I've been feeling pretty weary about this PR but I haven't found time to think it through enough to make a substantive comment. The essence of my concern is that this PR makes tower unsuitable for building business logic applications with mid-level performance needs by making their lives significantly more complicated. In other words, this doesn't seem to let you just not care about backpressure.

Its possible that this is inevitable - that these users' needs cannot be squared with the needs of absolute high performance services. But the status quo is that Service is the lowest common denominator between protocol libraries like hyper and arbitrary user applications, so I'm unclear what the story will be if tower becomes more narrowly targeted.

Will try to sit down and work through the options in my head to be more constructive, but likely not until next week.

carllerche · 2017-09-22T01:16:29Z

@withoutboats could you elaborate?
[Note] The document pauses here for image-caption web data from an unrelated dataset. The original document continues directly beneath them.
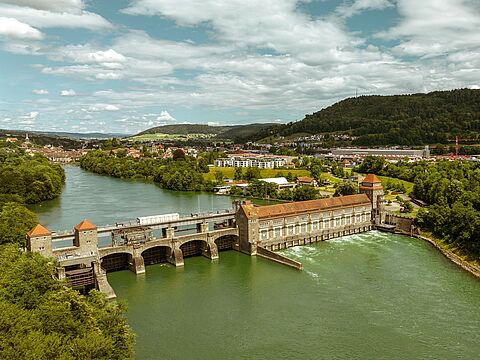 Flusslandschaft mit Staudamm und Stadt im Hintergrund Fluss mit Staudamm, roten Dächern und Stadt im Hintergrund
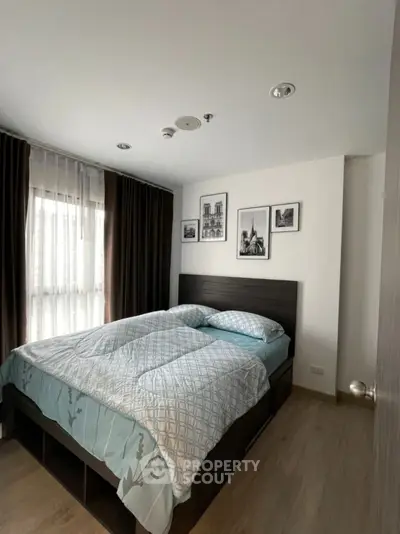 Cozy bedroom with modern decor and large window for natural light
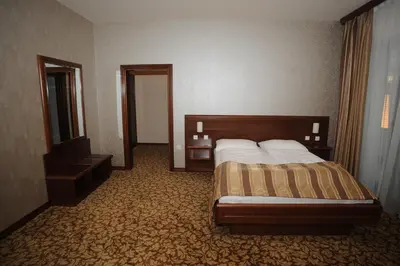 a hotel room with a bed and a mirror at Hotel Balkana Vidović in Mrkonjić Grad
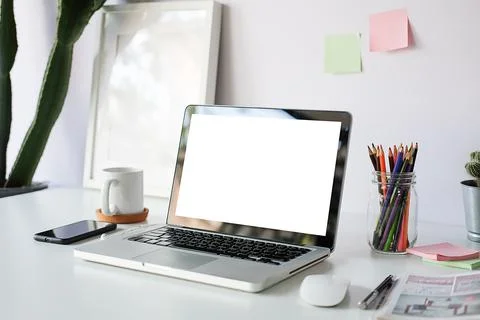 Office desk Work space stuff with notepad, laptop and coffee cup mouse notepa Stock Photos
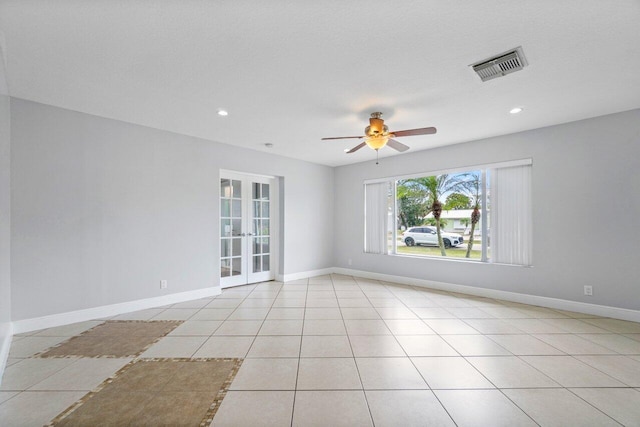 spare room with a textured ceiling, french doors, ceiling fan, and light tile patterned flooring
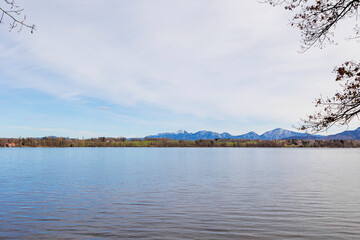 View over the Staffelsee in Bavaria from Uffing to the opposite shore and the Kochel mountains in the Alps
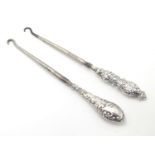 Two silver handled button hooks, one with Art Nouveau decoration hallmarked Birmingham 1912 maker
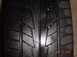 1999 Ford Mustang - A close-up view of a tire tread, showing the pattern and some wear.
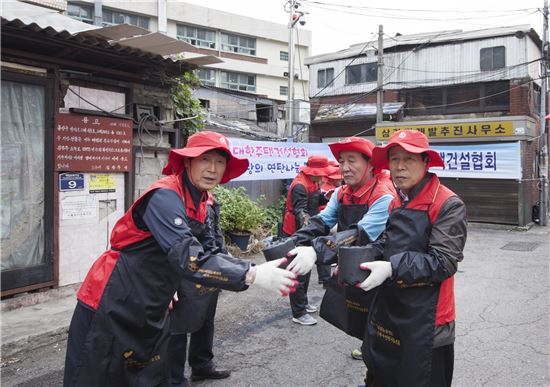6일 김문경 대한주택건설협회장(사진 오른쪽)이 서울 용산구 백범로 99가길 12 일대에서 연탄나눔 봉사활동을하며 기념촬영을 하고 있다.

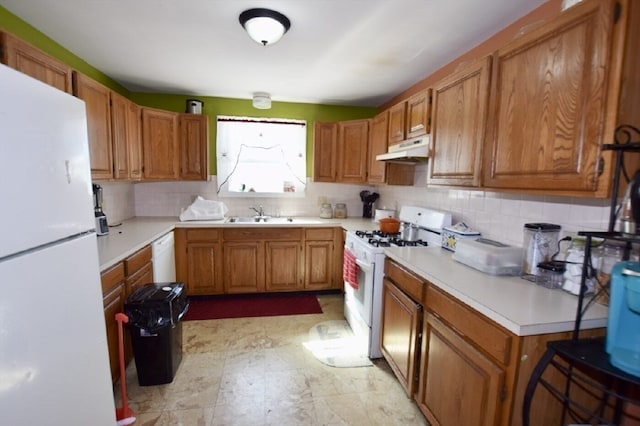 kitchen featuring decorative backsplash, white appliances, and sink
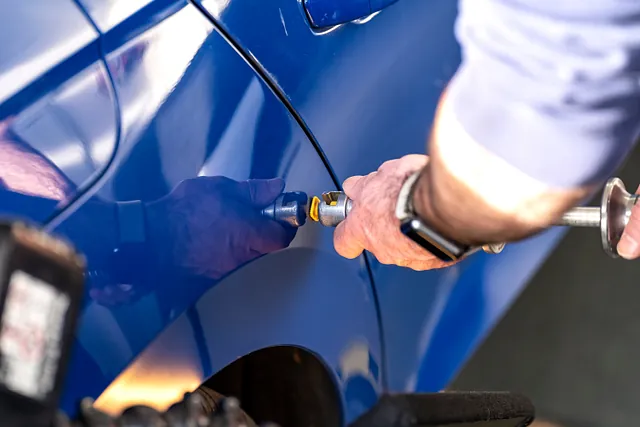 Eine Delle in einem blauen Auto wird mithilfe von Smart Repair in Bergisch Gladbach entfernt.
You aren't providing much in the way of specifics to actually work through.

danburkert · 2017-09-22T01:24:03Z

... Its possible that this is inevitable - that these users' needs cannot be squared with the needs of absolute high performance services...
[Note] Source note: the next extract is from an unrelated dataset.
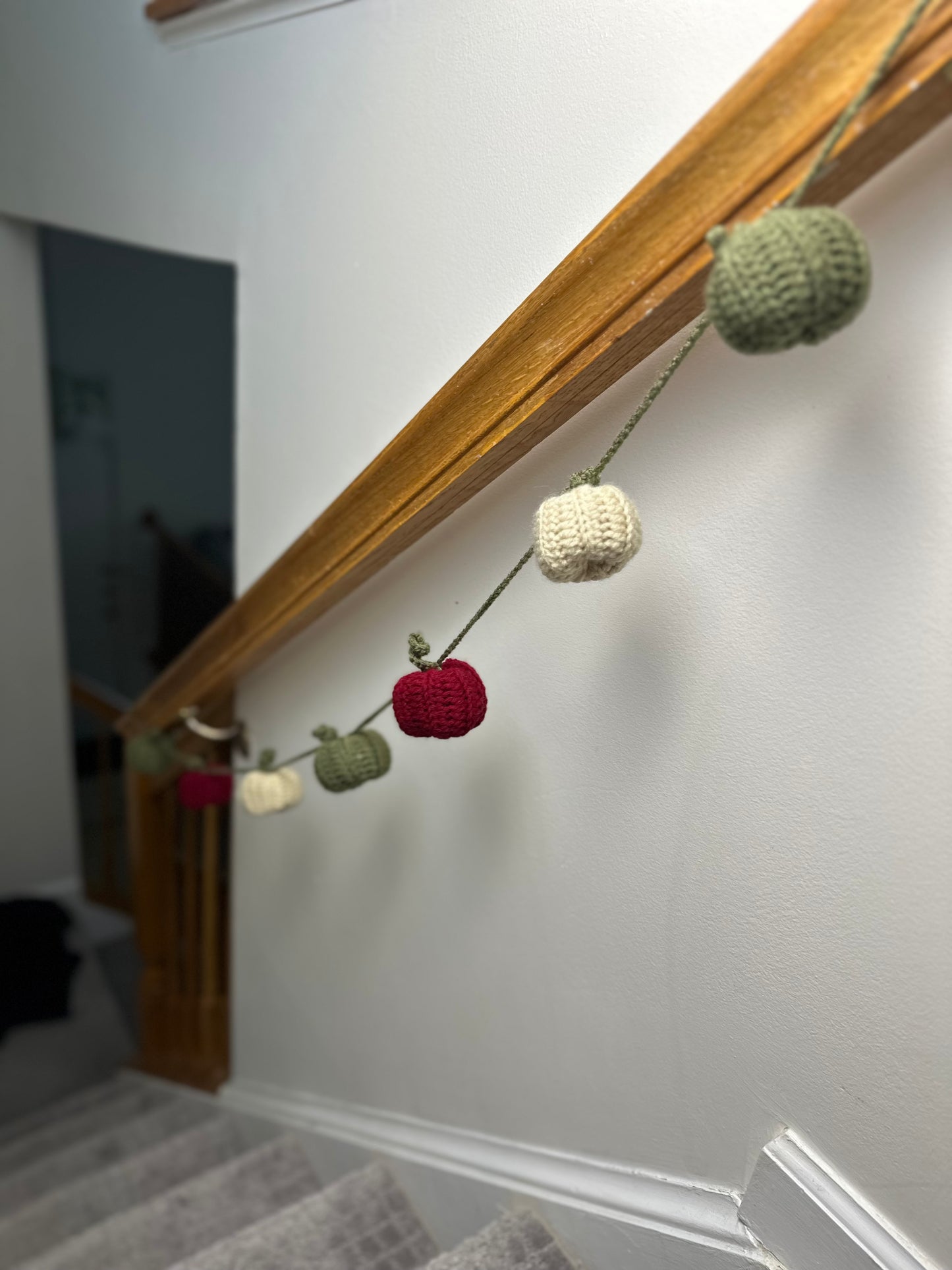 Decorative garland with crocheted pumpkins hanging on a stair railing.
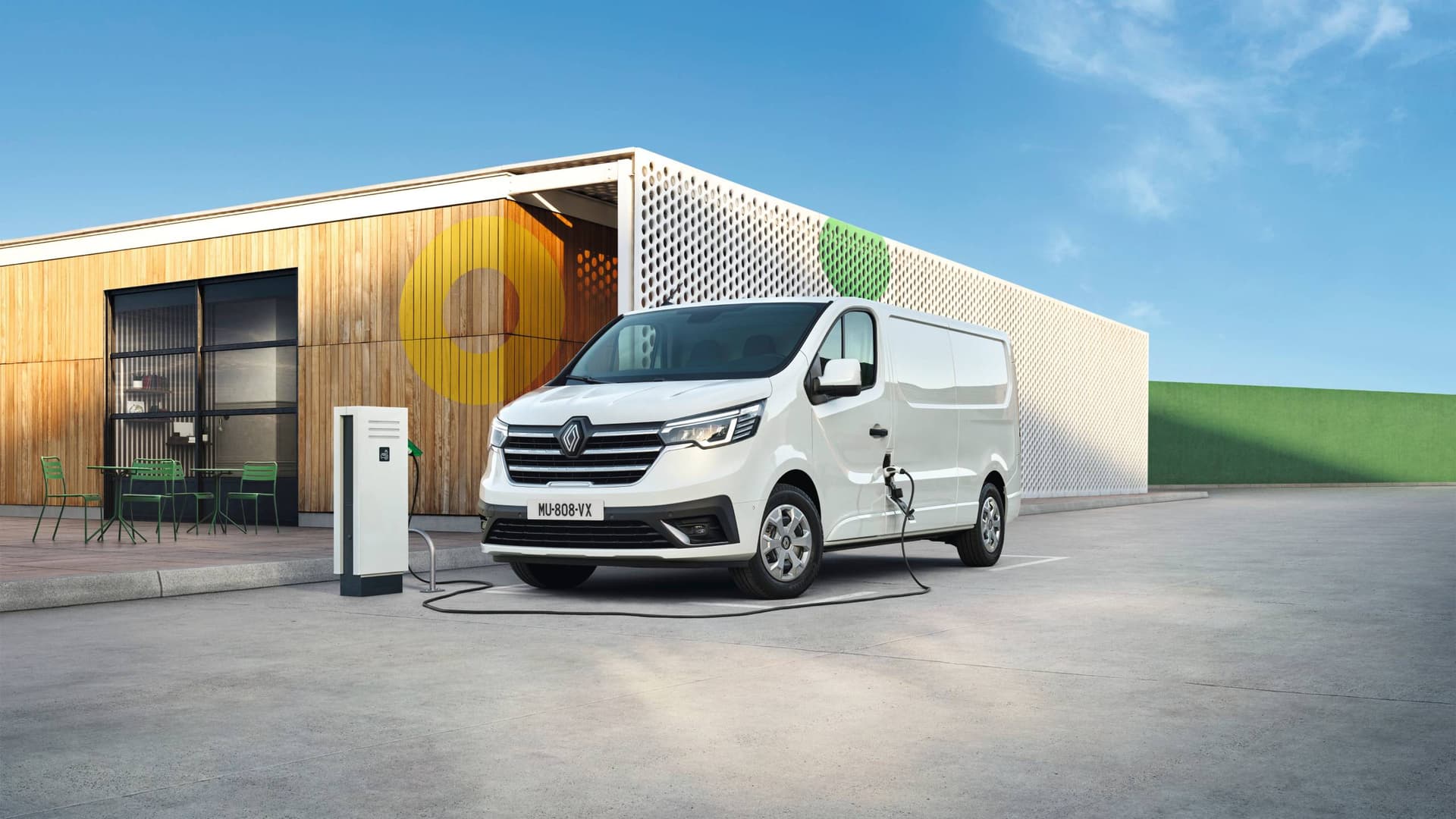Vit Renault Kangoo E-Tech electric skåpbil laddar vid en laddstation utanför en modern byggnad med träpaneler och vit perforerad fasad under klarblå himmel i Helmia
I think this is a good point, I have a couple thoughts:

The simple (perhaps cop-out) response is that these application developers should be using a sync wrapper over the async implementation. Backpressure can then can be handled naturally (by blocking), but only if the underlying implementation has the capability to signal it.
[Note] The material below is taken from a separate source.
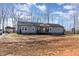 Single-story home with gray siding and a partially landscaped yard at 5724 Walters Ln, Burlington, NC 27217
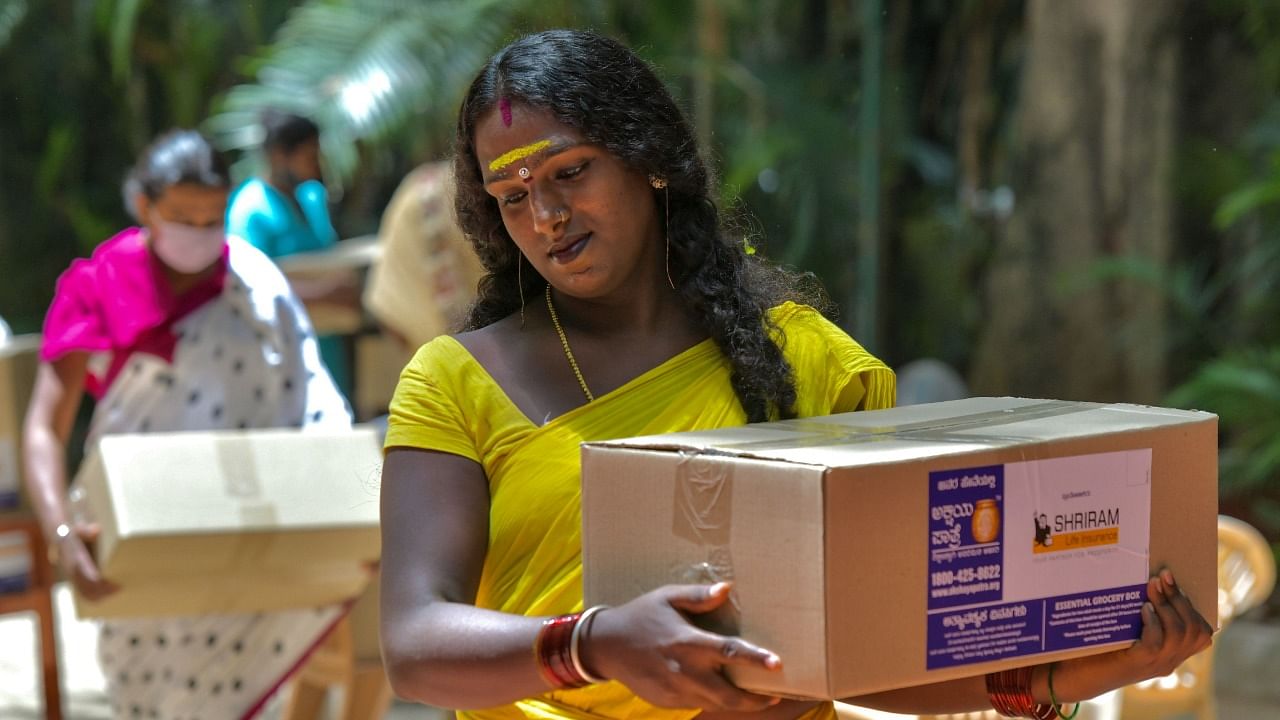 A transgender person collects free groceries kits distributed by a private organisation during the Covid-19 pandemic, in Bangalore. Credit: AFP File Photo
I do think there's an opportunity to make this easier to use with async/await by providing a way to call a Service, and have it automatically try poll_ready() in a loop, yielding until there is capacity available, and only then performing the actual call. I briefly tried implementing this, but haven't been able to figure out an API to do it with the current borrowing restrictions in the async/await impl. I'm fairly confident that this could work in the long-term, though (perhaps someone smarter could figure out how to do it now).

Will try to sit down and work through the options in my head to be more constructive, but likely not until next week.

I'd be especially interested to hear if you continue to have the same concerns you brought up in tokio-rs/tokio-service#9 (comment), given that some of the particulars have changed.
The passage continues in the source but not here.